« Reading List: The Habit | Main | Reading List: Linux iptables Pocket Reference »
Monday, February 21, 2005
It . . . is . . . alive!
On Friday, February 18th 2005 around 15:00 UTC, the prototype of the new www.fourmilab.ch server farm was put into pre-production test.
The prototype is more of a server jardin potager than a farm, since it consists of only one main server with an identically configured laptop impersonating the second production server until its hardware arrives. The main server (the deep box with the black front and silver top at the bottom of the stack on the bitmobile at the right of the desk) is a Dell PowerEdge 1850 with dual Intel Xeon 3.6 GHz processors. These are "hyper-threading" CPUs, so there are logically four processors as seen by the operating system. Main memory is 8 Gb of ECC DDR2 RAM, which permits keeping the Earth and Moon Viewer image databases in memory (essential to avoid page thrashing) even if one memory bank fails power on self-test and is excluded from the configuration. Two 146 Gb 10,000 RPM SCSI drives are configured as a RAID1 mirror with hardware RAID support on the motherboard. The server can run "headless", but during the development phase I've attached a flat panel monitor, keyboard, and mouse to connectors on the back panel, which are replicated on the front for use with mobile KVM carts for data centre administration. The server has dual redundant power supplies, each with its own power cord, permitting them to be plugged into separate UPSes; one suffices to run the server, so you can pull one of the plugs at any time without crashing the machine. Both power supplies and hard drives can be "hot swapped" without powering down; when a new hard drive is detected, the RAID firmware will automatically reconstruct it from the mirror on the other drive. The servers are run under the Fedora Core 3 Linux distribution with current kernel (2.6.10-1.760_FC3smp) and utilities releases. The generic, binary distribution SMP (symmetric multi-processor) kernel is used.

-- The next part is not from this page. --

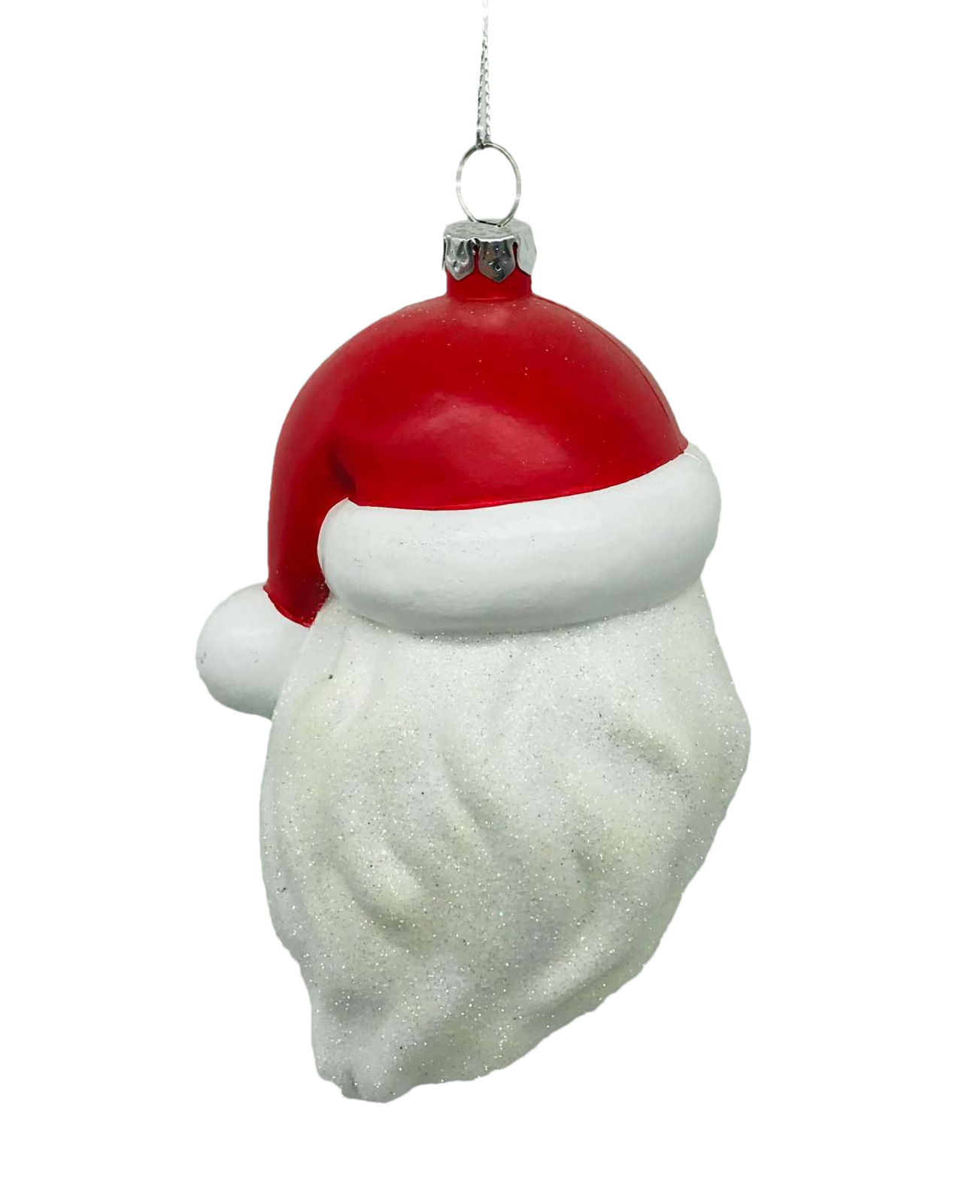 圣诞老人吊件装饰品批发圣诞树装饰挂件小配件christmas santa详情2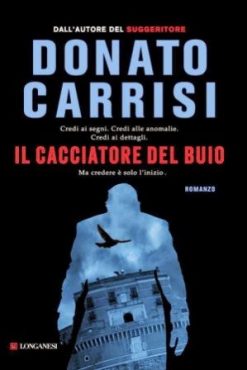 Il cacciatore del buio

Atop the server, elegantly resting on two pieces of salvaged packaging foam, is the Coyote Point Equalizer E350 which front-ends the server farm. When you connect to the IP address of www.fourmilab.ch, the load balancer receives the packet and forwards it to the available server most likely to provide the best response time based on an algorithm which includes the server's own estimate of its load from a Fourmilab custom program. The load balancer is configured to maintain session persistence where required, so if a user generates dynamic content in response to a request (for example, an image from Earth and Moon Viewer), that image will be retrieved from the cache on the same server which generated it. This is the most challenging part of implementing a server farm, and accounted for about 75% of the work to date in migrating the site from a single four processor SPARC/Solaris server to the server farm.
Yes, the present packaging is less than elegant. These Dell servers are 1U high, but you can't just bung them into any old rack because they're so deep. An 80 cm rack is the absolute minimum, but when you take into account the bend radius of power cords and the need to mount power distribution components on the back rails, you really need a one metre deep rack, so that's what I've ordered from Dell along with the second server. Once that comes to hand, I'll install the current components in the rack and proceed to a fully redundant configuration. This will include a second load balancer in hot spare mode, two switches to which the servers are cross-connected by their dual Ethernet interfaces (using "Bond: Ethernet Bond" mode), and two separate UPSes powering the servers, load balancers, and switches to avoid any single point failure mode.
Of course, there remain single point failures which can take the site down; after all, there was only one ascent engine on the lunar module: sometimes things just have to work. Failure of the leased line connection to the ISP, leased line modem, gateway router, or hub which connects the router to the boundary firewalls remain single points of failure, but then none of these have ever failed in the 10 years Fourmilab has been on the Internet. History has no predictive value whatsoever but, knock on biocomposite, maybe we'll go another decade without any of these weak links rendering the site out of sight.
And since this is a production test, if something at this site doesn't seem to be working, please report it with with our feedback form.